Prof. Tom Whalen, Staatliche Akademie der Künste Stuttgart (Winter Term 2013/14)

"The American Crime Novel (1929-1969)"

Like evil, the roots of crime fiction run deep. Sophocles, Poe, Dostoyevsky, Faulkner, Camus, Cela, and Nabokov are a few of the masters of crime narratives. This course covered American novels from the Depression era to the mid-1960s by writers such as Dashiell Hammett, Dorothy Hughes, Chester Himes, and Jim Thompson, in part with the goal of learning how to write a critical paper.

"The Short Fiction of Poe and Melville"

After the financial failures of Moby-Dick; or, The Whale (1851) and Pierre; or, The Ambiguities (1852), Melville turned to writing the short stories collected in The Piazza Tales (1856). Though artistic successes, once again his writing could not support him financially; 1857 would be his last year as a publishing fiction writer. Eight years earlier, Poe's short life and writing career came to an even more dismal close. This course analyzed key works by these two mid-19th century masters of short fiction, with special emphasis on their aesthetic and ethical complexities.

"Innovative Short Novels of the 1970s"

A declining decade, the 1970s – Nixon's resignation, Ford's pratfalls, Carter's collapse – but also a decade of striking literary innovations in the U.S. and internationally, especially in the short novel form. This course examined six innovative short novels from the 70s by such writers as Beckett, Calvino, Abish, Barthelme, Karapanou, and Frisch.
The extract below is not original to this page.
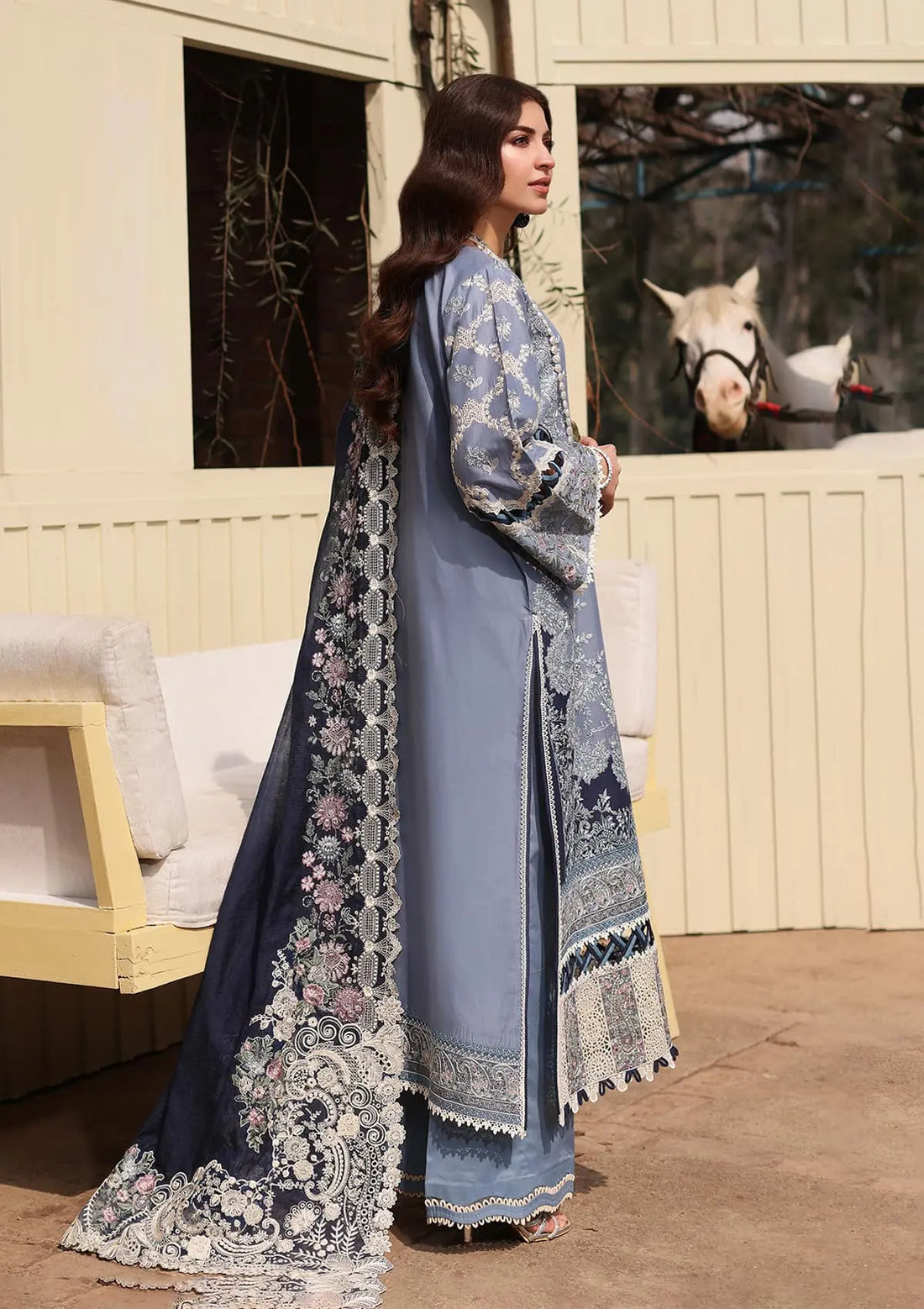 Kahf Premium | Festive Lawn 24 |KFL-04 KINZA - House Of Hania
"The Films of Orson Welles"

This course provided a close examination of five films by Orson Welles (1915 – 85) – Citizen Kane (1941), The Magnificent Ambersons (1942), The Lady from Shanghai (1948) Touch of Evil (1958), The Trial (1963) – focusing on Welles's career as a filmmaker within and outside Hollywood and the relationship between the films' cinematic elements and their themes.

The Instructor

Tom Whalen is a novelist, poet, critic, short story writer, translator and lecturer on film at the Staatliche Akademie der Künste in Stuttgart. He has written for Agni, Bookforum, Film Quarterly, The Hopkins Review, The Iowa Review, The Literary Review, Studies in Short Fiction, The Wallace Stevens Journal, The Washington Post and other publications. His recent books include the novels The Straw That Broke and The President in Her Towers.